Interesting discovery


----------



## Jeff15 (Oct 11, 2021)

I do occasionally relace the sky, sometimes it's very useful to be able thanks to clever software.....


----------



## Space Face (Oct 11, 2021)

I'm sure I've got software that does this but rarely use it.  I should really experiment more.


----------



## Lez325 (Oct 13, 2021)

Space Face said:


> I'm sure I've got software that does this but rarely use it.  I should really experiment more.


 Its in Photoshop 2021 buddy - excuse the mobile phone images 













Your'e welcome 


Les


----------



## Space Face (Oct 13, 2021)

Nah, that's not the one.  Don't have, won't have PS due to the subs.  I have PSE and an old (non updatable) copy of LR 5 but that's about it for me on Adobe.

Like I said I rarely use it but I'm sure it's Luminar. Well, it is Luminar.


----------



## Lez325 (Oct 13, 2021)

Space Face said:


> Nah, that's not the one.  Don't have, won't have PS due to the subs.  I have PSE and an old (non updatable) copy of LR 5 but that's about it for me on Adobe.
> 
> Like I said I rarely use it but I'm sure it's Luminar.
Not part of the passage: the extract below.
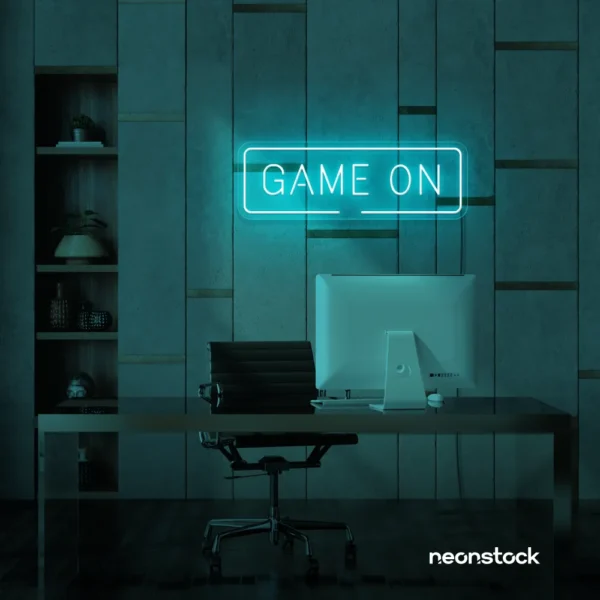 Game On neon sign in mint green for gaming setups, man caves, and kids' rooms.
Well, it is Luminar.


As I sell lots of images ( I also shoot Portraits, Weddings, Engagements and School Proms ) Photoshop 2021 subscription's are tax deductible for me - its a no brainer

Les


----------



## Space Face (Oct 13, 2021)

School Proms?   When did that sneak in (years ago I know)?  So Americanised.  What ever happened to the good old school disco?😂😂


----------



## Space Face (Oct 13, 2021)

Lez325 said:


> As I sell lots of images ( I also shoot Portraits, Weddings, Engagements and School Proms ) Photoshop 2021 subscription's are tax deductible for me - its a no brainer
> 
> Les


Yeah, I don't do paid stuff so the subs ain't for me.


----------



## Jeff15 (Oct 13, 2021)

I use Luminar 4........


----------



## Space Face (Oct 13, 2021)

That's the fella.


----------



## Lez325 (Oct 14, 2021)

Jeff15 said:


> I use Luminar 4........





Space Face said:


> That's the fella.


  I have heard of that- but having used Photoshop for so very many years, I feel I'd be lost using a different editing suite, It's like an old coat I don't want to throw away  I pay around £120 annually, so not a great cost to be honest.

School Disco's now all called School Proms - and very profitable for any Photographer I can tell you 

Les

here a quick edit using Photoshop 2012 Sky replacement filter- subject Hinkley Point Nuclear Power Station, Somerset

Just for fun- Just a total of  3 mins on all 3 edits - in no way meant to look professional, but is is good fun 

Original





EDIT




  Night sky edit


----------